Toronto-based alt-rocker Cam Kahin has released his debut album, CHUG.
Having started making music during the pandemic, 23-year-old Cam Kahin hasn’t wasted any time getting his name out there. Over the past couple of years, he’s toured with Cloud Nothings, Cautious Clay, and Inhaler, has played European festivals The Great Escape (UK) and London Calling (the Netherlands), as well as the Montreal festival Osheaga.

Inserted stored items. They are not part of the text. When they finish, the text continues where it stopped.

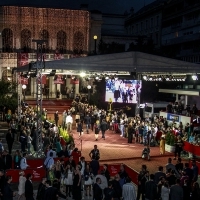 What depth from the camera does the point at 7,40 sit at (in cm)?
4519

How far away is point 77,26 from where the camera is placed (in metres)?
46.5

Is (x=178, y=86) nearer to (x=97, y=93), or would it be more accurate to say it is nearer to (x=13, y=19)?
(x=97, y=93)

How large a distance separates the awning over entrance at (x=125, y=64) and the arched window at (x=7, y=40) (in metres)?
23.0

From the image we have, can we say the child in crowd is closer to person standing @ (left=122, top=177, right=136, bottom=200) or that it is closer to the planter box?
the planter box

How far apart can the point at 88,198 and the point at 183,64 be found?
12.2 m

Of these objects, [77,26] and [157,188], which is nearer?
[157,188]

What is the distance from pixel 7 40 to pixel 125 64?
26.7 m

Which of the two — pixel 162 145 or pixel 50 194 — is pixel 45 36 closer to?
pixel 162 145

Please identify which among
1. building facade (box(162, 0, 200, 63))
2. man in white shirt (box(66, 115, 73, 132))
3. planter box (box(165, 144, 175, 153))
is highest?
building facade (box(162, 0, 200, 63))

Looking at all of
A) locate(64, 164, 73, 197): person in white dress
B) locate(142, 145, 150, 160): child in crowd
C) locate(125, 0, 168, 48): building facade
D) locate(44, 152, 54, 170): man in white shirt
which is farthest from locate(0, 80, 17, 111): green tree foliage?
locate(125, 0, 168, 48): building facade

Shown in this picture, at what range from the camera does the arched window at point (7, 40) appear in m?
45.0

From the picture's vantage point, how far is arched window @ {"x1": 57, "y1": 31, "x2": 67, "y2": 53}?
4675 cm

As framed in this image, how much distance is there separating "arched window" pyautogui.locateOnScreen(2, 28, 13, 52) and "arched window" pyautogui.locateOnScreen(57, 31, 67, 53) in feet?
19.0

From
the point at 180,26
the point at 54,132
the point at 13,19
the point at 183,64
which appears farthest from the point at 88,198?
the point at 180,26
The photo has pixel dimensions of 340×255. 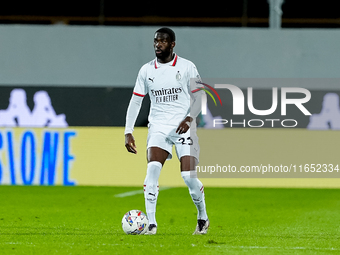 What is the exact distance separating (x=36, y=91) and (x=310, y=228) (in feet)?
29.0

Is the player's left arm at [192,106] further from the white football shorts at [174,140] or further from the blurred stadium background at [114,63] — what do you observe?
the blurred stadium background at [114,63]

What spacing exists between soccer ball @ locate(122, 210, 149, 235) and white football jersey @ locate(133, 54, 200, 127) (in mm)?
865

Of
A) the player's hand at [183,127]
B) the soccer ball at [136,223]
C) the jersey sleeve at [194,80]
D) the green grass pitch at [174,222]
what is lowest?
the green grass pitch at [174,222]

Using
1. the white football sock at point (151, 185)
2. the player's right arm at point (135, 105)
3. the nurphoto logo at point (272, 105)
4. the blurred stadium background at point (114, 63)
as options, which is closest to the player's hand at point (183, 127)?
the white football sock at point (151, 185)

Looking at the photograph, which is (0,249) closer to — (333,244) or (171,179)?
(333,244)

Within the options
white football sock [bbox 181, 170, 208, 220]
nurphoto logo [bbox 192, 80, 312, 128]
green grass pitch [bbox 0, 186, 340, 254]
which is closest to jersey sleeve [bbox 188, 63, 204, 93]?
white football sock [bbox 181, 170, 208, 220]

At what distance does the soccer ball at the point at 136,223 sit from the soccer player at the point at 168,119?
0.20 feet

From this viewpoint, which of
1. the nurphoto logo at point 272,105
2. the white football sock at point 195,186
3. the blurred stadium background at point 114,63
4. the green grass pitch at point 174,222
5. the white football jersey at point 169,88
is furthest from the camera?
the blurred stadium background at point 114,63

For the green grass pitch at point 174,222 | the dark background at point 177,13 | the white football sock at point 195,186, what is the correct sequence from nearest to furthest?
the green grass pitch at point 174,222 < the white football sock at point 195,186 < the dark background at point 177,13

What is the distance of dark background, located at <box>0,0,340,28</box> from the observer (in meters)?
16.2

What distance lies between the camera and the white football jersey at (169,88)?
5.99 metres

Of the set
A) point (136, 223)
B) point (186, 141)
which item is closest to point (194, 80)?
point (186, 141)

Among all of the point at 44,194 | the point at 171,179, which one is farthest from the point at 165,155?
the point at 171,179

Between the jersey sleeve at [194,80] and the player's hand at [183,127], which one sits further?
the jersey sleeve at [194,80] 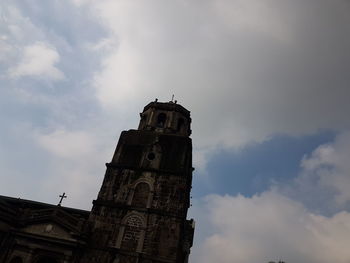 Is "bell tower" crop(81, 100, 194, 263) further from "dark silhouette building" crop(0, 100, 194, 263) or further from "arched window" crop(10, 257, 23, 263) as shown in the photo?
"arched window" crop(10, 257, 23, 263)

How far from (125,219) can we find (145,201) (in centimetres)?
190

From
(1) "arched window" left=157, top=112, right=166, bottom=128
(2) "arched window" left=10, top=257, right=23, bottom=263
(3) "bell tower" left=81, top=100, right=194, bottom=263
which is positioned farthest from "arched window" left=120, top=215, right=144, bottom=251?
(1) "arched window" left=157, top=112, right=166, bottom=128

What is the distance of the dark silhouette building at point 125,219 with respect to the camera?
18.2 m

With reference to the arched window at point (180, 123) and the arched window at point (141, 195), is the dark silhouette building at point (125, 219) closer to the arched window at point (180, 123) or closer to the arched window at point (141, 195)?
the arched window at point (141, 195)

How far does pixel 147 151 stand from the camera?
22.4 m

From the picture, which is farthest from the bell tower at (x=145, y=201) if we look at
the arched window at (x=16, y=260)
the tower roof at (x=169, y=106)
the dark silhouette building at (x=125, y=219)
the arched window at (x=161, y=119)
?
the arched window at (x=16, y=260)

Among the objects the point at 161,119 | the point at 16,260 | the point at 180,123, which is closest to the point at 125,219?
the point at 16,260

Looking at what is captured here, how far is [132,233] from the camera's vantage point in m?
19.1

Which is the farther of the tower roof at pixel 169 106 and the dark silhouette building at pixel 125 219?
the tower roof at pixel 169 106

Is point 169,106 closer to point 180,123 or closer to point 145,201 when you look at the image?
point 180,123

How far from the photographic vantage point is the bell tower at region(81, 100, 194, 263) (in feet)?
60.7

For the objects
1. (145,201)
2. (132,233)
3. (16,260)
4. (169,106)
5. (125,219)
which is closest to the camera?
(16,260)

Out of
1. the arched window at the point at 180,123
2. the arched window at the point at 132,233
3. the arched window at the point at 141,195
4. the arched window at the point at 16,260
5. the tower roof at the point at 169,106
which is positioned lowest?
the arched window at the point at 16,260

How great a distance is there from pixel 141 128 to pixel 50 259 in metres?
12.6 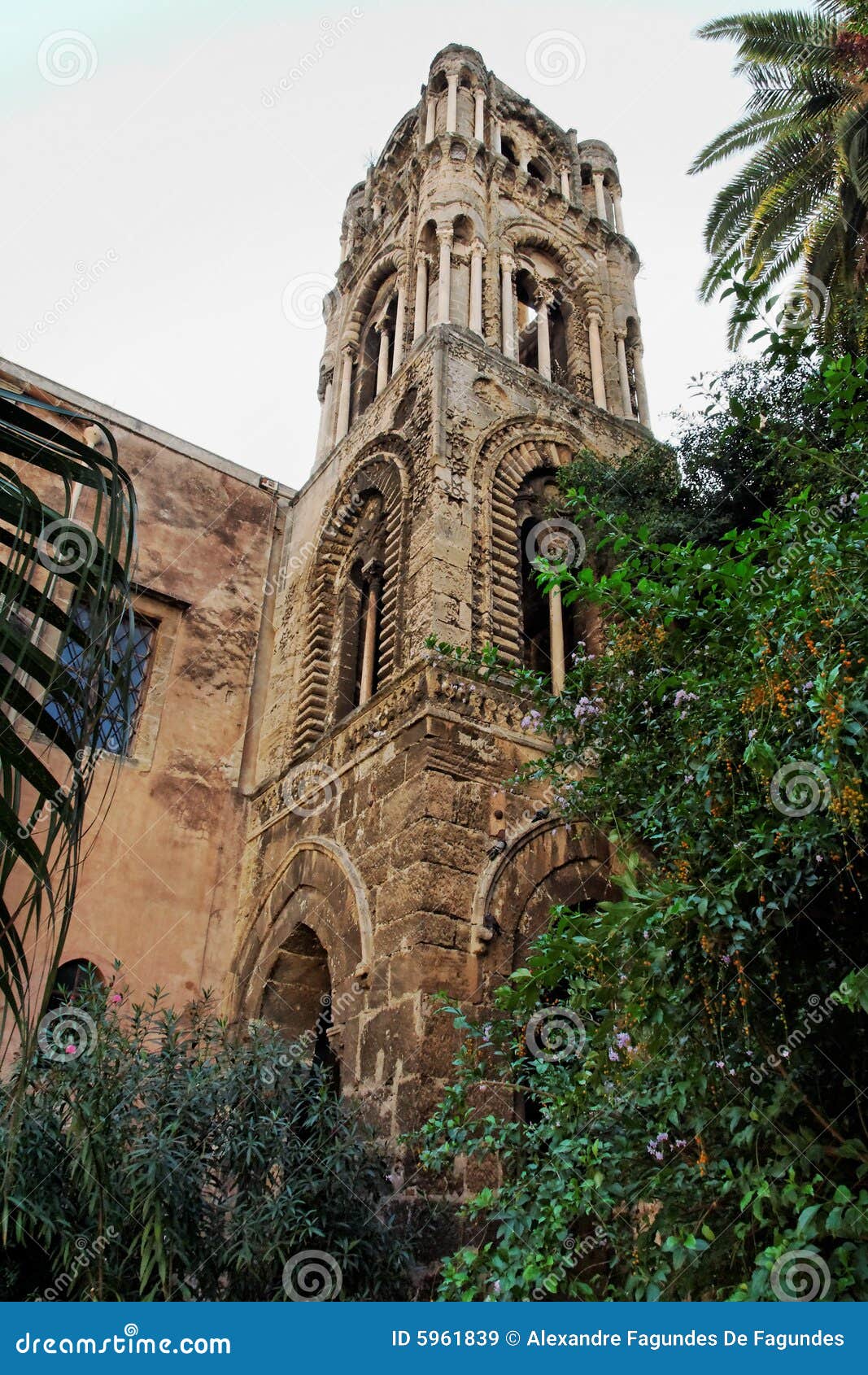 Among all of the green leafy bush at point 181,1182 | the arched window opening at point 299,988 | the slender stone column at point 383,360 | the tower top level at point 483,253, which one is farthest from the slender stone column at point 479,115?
the green leafy bush at point 181,1182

CHUG is a harsher, more heavy move for his sound, but in many ways was the natural next step for the young artist, who has spent the last few years persistently surviving during a cavalcade of difficult times. CHUG started off life as a series of home-recorded demos, before Cam Kahin took them to producers David Steinmetz and Jeremiah Pick, before heading onto Catherine North Studios in Hamilton to work with longtime collaborator Will Crann.
The result is ten emotionally honest, driving tracks, all of which have come straight from Cam Kahin’s innermost and rawest feelings.
“This album is deeply personal,” he said. “I wanted to write exactly what I was feeling without overanalysing it. Out of that came this theme of persisting, even when it feels impossible. That’s what CHUG means to me; just pushing forward, full steam, no matter what.”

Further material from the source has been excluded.